What you need to do: Print the records again, character for character.

Short descriptive text snippets:
----
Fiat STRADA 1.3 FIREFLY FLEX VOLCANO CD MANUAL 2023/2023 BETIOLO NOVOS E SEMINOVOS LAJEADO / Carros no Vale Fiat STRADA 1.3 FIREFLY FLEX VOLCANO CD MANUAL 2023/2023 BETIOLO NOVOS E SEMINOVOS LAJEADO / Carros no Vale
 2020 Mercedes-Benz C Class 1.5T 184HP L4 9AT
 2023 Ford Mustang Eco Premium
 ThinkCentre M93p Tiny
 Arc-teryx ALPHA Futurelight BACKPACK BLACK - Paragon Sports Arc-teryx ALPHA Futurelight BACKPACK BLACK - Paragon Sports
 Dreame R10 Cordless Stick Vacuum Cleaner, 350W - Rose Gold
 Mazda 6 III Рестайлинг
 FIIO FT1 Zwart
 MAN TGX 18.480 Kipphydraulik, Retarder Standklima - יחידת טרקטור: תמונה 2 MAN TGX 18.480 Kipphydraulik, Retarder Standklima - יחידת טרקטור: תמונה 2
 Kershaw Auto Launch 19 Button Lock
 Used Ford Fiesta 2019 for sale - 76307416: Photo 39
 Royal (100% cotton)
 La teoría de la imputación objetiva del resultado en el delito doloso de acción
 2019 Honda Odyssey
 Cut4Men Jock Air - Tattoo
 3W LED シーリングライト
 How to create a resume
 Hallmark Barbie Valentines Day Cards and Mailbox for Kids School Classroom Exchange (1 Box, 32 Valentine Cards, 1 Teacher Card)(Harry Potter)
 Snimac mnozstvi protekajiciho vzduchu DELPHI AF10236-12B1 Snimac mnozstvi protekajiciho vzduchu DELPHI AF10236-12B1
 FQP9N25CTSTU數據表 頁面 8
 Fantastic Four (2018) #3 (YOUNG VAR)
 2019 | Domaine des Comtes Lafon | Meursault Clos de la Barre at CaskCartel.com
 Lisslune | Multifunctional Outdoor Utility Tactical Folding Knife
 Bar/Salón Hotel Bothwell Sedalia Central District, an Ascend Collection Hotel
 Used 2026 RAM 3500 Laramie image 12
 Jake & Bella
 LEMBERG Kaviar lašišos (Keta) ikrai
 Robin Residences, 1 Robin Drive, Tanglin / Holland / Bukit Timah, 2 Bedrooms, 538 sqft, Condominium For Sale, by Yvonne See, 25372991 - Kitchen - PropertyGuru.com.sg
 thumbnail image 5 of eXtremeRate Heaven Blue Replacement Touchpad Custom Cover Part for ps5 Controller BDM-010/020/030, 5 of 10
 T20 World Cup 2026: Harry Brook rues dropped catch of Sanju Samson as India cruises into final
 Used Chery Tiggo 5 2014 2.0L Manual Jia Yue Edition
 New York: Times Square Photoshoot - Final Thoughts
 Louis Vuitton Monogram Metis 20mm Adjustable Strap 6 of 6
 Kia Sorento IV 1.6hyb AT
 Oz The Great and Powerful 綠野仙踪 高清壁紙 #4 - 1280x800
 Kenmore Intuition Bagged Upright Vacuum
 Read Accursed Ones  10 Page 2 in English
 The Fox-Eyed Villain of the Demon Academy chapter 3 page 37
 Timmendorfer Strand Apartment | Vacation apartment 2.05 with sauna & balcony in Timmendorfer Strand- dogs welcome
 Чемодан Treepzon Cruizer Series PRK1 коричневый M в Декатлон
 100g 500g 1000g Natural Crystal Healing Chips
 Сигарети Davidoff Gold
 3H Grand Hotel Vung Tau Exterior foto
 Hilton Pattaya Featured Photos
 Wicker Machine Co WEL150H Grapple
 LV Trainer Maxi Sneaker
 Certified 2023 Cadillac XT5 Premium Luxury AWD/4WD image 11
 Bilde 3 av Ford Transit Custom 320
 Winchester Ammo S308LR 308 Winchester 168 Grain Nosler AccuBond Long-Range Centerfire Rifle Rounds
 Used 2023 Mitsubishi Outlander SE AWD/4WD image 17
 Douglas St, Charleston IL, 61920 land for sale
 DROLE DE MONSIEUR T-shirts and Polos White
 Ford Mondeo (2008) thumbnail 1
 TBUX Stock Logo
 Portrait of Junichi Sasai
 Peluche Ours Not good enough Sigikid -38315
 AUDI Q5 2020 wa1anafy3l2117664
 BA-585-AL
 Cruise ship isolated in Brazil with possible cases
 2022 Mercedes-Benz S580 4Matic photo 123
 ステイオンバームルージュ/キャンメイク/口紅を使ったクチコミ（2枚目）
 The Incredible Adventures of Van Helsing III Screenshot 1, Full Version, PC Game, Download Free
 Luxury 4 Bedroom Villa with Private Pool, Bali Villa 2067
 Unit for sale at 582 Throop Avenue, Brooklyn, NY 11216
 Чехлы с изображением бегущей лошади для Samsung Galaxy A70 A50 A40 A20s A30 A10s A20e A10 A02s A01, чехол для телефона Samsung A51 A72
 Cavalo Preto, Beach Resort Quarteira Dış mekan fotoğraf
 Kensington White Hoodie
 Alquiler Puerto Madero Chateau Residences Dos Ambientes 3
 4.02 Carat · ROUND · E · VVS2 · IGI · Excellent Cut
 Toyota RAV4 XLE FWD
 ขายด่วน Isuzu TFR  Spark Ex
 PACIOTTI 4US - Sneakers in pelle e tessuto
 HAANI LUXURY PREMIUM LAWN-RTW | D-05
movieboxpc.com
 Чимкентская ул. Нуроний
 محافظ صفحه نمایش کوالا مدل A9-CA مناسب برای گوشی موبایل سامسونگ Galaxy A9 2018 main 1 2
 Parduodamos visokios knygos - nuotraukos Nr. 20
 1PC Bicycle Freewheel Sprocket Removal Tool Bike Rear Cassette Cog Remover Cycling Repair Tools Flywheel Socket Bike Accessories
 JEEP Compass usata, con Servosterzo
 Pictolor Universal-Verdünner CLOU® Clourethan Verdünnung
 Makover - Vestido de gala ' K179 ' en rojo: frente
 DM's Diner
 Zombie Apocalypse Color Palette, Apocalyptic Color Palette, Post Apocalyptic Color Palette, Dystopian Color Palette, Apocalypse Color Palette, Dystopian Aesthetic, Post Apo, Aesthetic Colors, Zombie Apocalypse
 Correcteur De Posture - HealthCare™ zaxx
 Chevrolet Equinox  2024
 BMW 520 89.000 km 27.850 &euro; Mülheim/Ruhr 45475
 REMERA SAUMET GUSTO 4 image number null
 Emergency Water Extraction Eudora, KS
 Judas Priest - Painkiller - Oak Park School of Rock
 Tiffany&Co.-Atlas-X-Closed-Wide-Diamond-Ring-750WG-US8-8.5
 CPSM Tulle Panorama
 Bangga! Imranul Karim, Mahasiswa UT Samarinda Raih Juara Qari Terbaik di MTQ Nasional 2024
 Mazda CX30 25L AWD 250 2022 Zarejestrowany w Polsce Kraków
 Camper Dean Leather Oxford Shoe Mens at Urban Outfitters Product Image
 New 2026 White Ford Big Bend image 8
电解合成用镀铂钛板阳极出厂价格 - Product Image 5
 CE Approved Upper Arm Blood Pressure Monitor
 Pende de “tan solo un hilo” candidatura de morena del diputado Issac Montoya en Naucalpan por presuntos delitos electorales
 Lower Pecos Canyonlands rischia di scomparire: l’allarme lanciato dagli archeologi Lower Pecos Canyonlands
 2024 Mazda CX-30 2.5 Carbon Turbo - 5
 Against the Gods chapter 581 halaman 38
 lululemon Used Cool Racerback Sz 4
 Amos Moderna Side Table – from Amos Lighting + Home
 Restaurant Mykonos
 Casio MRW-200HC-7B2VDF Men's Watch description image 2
----
Exercise output:
Fiat STRADA 1.3 FIREFLY FLEX VOLCANO CD MANUAL 2023/2023 BETIOLO NOVOS E SEMINOVOS LAJEADO / Carros no Vale Fiat STRADA 1.3 FIREFLY FLEX VOLCANO CD MANUAL 2023/2023 BETIOLO NOVOS E SEMINOVOS LAJEADO / Carros no Vale
 2020 Mercedes-Benz C Class 1.5T 184HP L4 9AT
 2023 Ford Mustang Eco Premium
 ThinkCentre M93p Tiny
 Arc-teryx ALPHA Futurelight BACKPACK BLACK - Paragon Sports Arc-teryx ALPHA Futurelight BACKPACK BLACK - Paragon Sports
 Dreame R10 Cordless Stick Vacuum Cleaner, 350W - Rose Gold
 Mazda 6 III Рестайлинг
 FIIO FT1 Zwart
 MAN TGX 18.480 Kipphydraulik, Retarder Standklima - יחידת טרקטור: תמונה 2 MAN TGX 18.480 Kipphydraulik, Retarder Standklima - יחידת טרקטור: תמונה 2
 Kershaw Auto Launch 19 Button Lock
 Used Ford Fiesta 2019 for sale - 76307416: Photo 39
 Royal (100% cotton)
 La teoría de la imputación objetiva del resultado en el delito doloso de acción
 2019 Honda Odyssey
 Cut4Men Jock Air - Tattoo
 3W LED シーリングライト
 How to create a resume
 Hallmark Barbie Valentines Day Cards and Mailbox for Kids School Classroom Exchange (1 Box, 32 Valentine Cards, 1 Teacher Card)(Harry Potter)
 Snimac mnozstvi protekajiciho vzduchu DELPHI AF10236-12B1 Snimac mnozstvi protekajiciho vzduchu DELPHI AF10236-12B1
 FQP9N25CTSTU數據表 頁面 8
 Fantastic Four (2018) #3 (YOUNG VAR)
 2019 | Domaine des Comtes Lafon | Meursault Clos de la Barre at CaskCartel.com
 Lisslune | Multifunctional Outdoor Utility Tactical Folding Knife
 Bar/Salón Hotel Bothwell Sedalia Central District, an Ascend Collection Hotel
 Used 2026 RAM 3500 Laramie image 12
 Jake & Bella
 LEMBERG Kaviar lašišos (Keta) ikrai
 Robin Residences, 1 Robin Drive, Tanglin / Holland / Bukit Timah, 2 Bedrooms, 538 sqft, Condominium For Sale, by Yvonne See, 25372991 - Kitchen - PropertyGuru.com.sg
 thumbnail image 5 of eXtremeRate Heaven Blue Replacement Touchpad Custom Cover Part for ps5 Controller BDM-010/020/030, 5 of 10
 T20 World Cup 2026: Harry Brook rues dropped catch of Sanju Samson as India cruises into final
 Used Chery Tiggo 5 2014 2.0L Manual Jia Yue Edition
 New York: Times Square Photoshoot - Final Thoughts
 Louis Vuitton Monogram Metis 20mm Adjustable Strap 6 of 6
 Kia Sorento IV 1.6hyb AT
 Oz The Great and Powerful 綠野仙踪 高清壁紙 #4 - 1280x800
 Kenmore Intuition Bagged Upright Vacuum
 Read Accursed Ones  10 Page 2 in English
 The Fox-Eyed Villain of the Demon Academy chapter 3 page 37
 Timmendorfer Strand Apartment | Vacation apartment 2.05 with sauna & balcony in Timmendorfer Strand- dogs welcome
 Чемодан Treepzon Cruizer Series PRK1 коричневый M в Декатлон
 100g 500g 1000g Natural Crystal Healing Chips
 Сигарети Davidoff Gold
 3H Grand Hotel Vung Tau Exterior foto
 Hilton Pattaya Featured Photos
 Wicker Machine Co WEL150H Grapple
 LV Trainer Maxi Sneaker
 Certified 2023 Cadillac XT5 Premium Luxury AWD/4WD image 11
 Bilde 3 av Ford Transit Custom 320
 Winchester Ammo S308LR 308 Winchester 168 Grain Nosler AccuBond Long-Range Centerfire Rifle Rounds
 Used 2023 Mitsubishi Outlander SE AWD/4WD image 17
 Douglas St, Charleston IL, 61920 land for sale
 DROLE DE MONSIEUR T-shirts and Polos White
 Ford Mondeo (2008) thumbnail 1
 TBUX Stock Logo
 Portrait of Junichi Sasai
 Peluche Ours Not good enough Sigikid -38315
 AUDI Q5 2020 wa1anafy3l2117664
 BA-585-AL
 Cruise ship isolated in Brazil with possible cases
 2022 Mercedes-Benz S580 4Matic photo 123
 ステイオンバームルージュ/キャンメイク/口紅を使ったクチコミ（2枚目）
 The Incredible Adventures of Van Helsing III Screenshot 1, Full Version, PC Game, Download Free
 Luxury 4 Bedroom Villa with Private Pool, Bali Villa 2067
 Unit for sale at 582 Throop Avenue, Brooklyn, NY 11216
 Чехлы с изображением бегущей лошади для Samsung Galaxy A70 A50 A40 A20s A30 A10s A20e A10 A02s A01, чехол для телефона Samsung A51 A72
 Cavalo Preto, Beach Resort Quarteira Dış mekan fotoğraf
 Kensington White Hoodie
 Alquiler Puerto Madero Chateau Residences Dos Ambientes 3
 4.02 Carat · ROUND · E · VVS2 · IGI · Excellent Cut
 Toyota RAV4 XLE FWD
 ขายด่วน Isuzu TFR  Spark Ex
 PACIOTTI 4US - Sneakers in pelle e tessuto
 HAANI LUXURY PREMIUM LAWN-RTW | D-05
movieboxpc.com
 Чимкентская ул. Нуроний
 محافظ صفحه نمایش کوالا مدل A9-CA مناسب برای گوشی موبایل سامسونگ Galaxy A9 2018 main 1 2
 Parduodamos visokios knygos - nuotraukos Nr. 20
 1PC Bicycle Freewheel Sprocket Removal Tool Bike Rear Cassette Cog Remover Cycling Repair Tools Flywheel Socket Bike Accessories
 JEEP Compass usata, con Servosterzo
 Pictolor Universal-Verdünner CLOU® Clourethan Verdünnung
 Makover - Vestido de gala ' K179 ' en rojo: frente
 DM's Diner
 Zombie Apocalypse Color Palette, Apocalyptic Color Palette, Post Apocalyptic Color Palette, Dystopian Color Palette, Apocalypse Color Palette, Dystopian Aesthetic, Post Apo, Aesthetic Colors, Zombie Apocalypse
 Correcteur De Posture - HealthCare™ zaxx
 Chevrolet Equinox  2024
 BMW 520 89.000 km 27.850 &euro; Mülheim/Ruhr 45475
 REMERA SAUMET GUSTO 4 image number null
 Emergency Water Extraction Eudora, KS
 Judas Priest - Painkiller - Oak Park School of Rock
 Tiffany&Co.-Atlas-X-Closed-Wide-Diamond-Ring-750WG-US8-8.5
 CPSM Tulle Panorama
 Bangga! Imranul Karim, Mahasiswa UT Samarinda Raih Juara Qari Terbaik di MTQ Nasional 2024
 Mazda CX30 25L AWD 250 2022 Zarejestrowany w Polsce Kraków
 Camper Dean Leather Oxford Shoe Mens at Urban Outfitters Product Image
 New 2026 White Ford Big Bend image 8
电解合成用镀铂钛板阳极出厂价格 - Product Image 5
 CE Approved Upper Arm Blood Pressure Monitor
 Pende de “tan solo un hilo” candidatura de morena del diputado Issac Montoya en Naucalpan por presuntos delitos electorales
 Lower Pecos Canyonlands rischia di scomparire: l’allarme lanciato dagli archeologi Lower Pecos Canyonlands
 2024 Mazda CX-30 2.5 Carbon Turbo - 5
 Against the Gods chapter 581 halaman 38
 lululemon Used Cool Racerback Sz 4
 Amos Moderna Side Table – from Amos Lighting + Home
 Restaurant Mykonos
 Casio MRW-200HC-7B2VDF Men's Watch description image 2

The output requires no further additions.